Flora's War
You have to go out of your way to find the place Flora Jessop once called home. Colorado City, Ariz., and the adjoining, indistinguishable town of Hildale, Utah, are perched in a remote valley divided by the dry wash of Short Creek. The towering vermilion edifice of Canaan Mountain is just to the north, the gaping abyss of the Grand Canyon to the south. The only way into this valley is a lonely two-lane blacktop.
Getting out, some say, is even harder to do. Almost all of Short Creek Valley's residents are members of a fundamentalist Mormon church that controls how they live and where they believe they'll go after they die. As a key tenet of its faith, and a means of control, the Fundamentalist Church of Jesus Christ of Latter Day Saints enforces the practice of polygamy, marrying off girls as young as 15 to adult males for whom multiple, or plural, wives are considered a passport to salvation.
Polygamy is illegal in every state and has been condemned for more than 100 years by the mainstream Mormon Church. But the fundamentalist church here has gone largely undisturbed by law enforcement for 50 years, growing into the largest concentration of polygamists in the nation, a theocracy of more than 5,800 people now ruled from a secure Hildale compound by Prophet Warren Jeffs, who teaches: "A man can go with his wives to be a god in his own right. No man can become a god unless he has more wives than one."
Jessop grew up in Hildale, one of 28 children whom her polygamous father had with the first two of his three wives. At 16, she became one of the few teenage girls to escape the church, running away after marrying a cousin. Now 35, this wiry, waif-like woman lives 350 miles from Colorado City with her second husband, a former Marine, and two teenage daughters in a scruffy Phoenix home. But she has not left the church far behind. In fact, she devotes almost every waking moment to exposing the church as a hotbed of child abuse and helping the community's girls and women escape from the polygamous life she fled. "This is not a religion," she said of the church on a recent TV news show. "This is terrorism."

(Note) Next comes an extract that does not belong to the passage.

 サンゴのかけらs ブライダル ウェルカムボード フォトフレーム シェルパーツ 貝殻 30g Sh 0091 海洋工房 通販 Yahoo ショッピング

Frustrated by a failed attempt to prevent her teenage sister Ruby from having to marry an older man, Jessop founded Help the Child Brides, which provides aid to "victims of polygamy." She also is executive director of the Los Angeles-based Child Protection Project. She labored in relative obscurity until last January, when with a Phoenix television news crew along for the ride, she drove from Phoenix to a "safe house" near Colorado City and picked up two teenagers, Fawn Holm and Fawn Broadbent, who had run away together from their church families.